# Listed entries
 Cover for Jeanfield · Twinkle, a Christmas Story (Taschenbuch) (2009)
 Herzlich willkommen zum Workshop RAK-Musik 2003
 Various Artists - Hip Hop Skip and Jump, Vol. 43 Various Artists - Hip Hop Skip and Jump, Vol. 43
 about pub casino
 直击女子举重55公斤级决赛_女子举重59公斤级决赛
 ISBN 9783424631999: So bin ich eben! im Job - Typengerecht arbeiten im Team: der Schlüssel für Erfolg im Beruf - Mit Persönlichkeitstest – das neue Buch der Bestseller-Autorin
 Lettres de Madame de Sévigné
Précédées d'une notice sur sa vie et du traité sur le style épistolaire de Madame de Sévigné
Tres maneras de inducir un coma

...

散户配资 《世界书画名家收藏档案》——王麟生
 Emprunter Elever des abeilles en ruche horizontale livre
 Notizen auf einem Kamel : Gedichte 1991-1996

# Action item
Lines in the material above that include the string "Madame" should be listed.

# Result for this task
 Lettres de Madame de Sévigné
Précédées d'une notice sur sa vie et du traité sur le style épistolaire de Madame de Sévigné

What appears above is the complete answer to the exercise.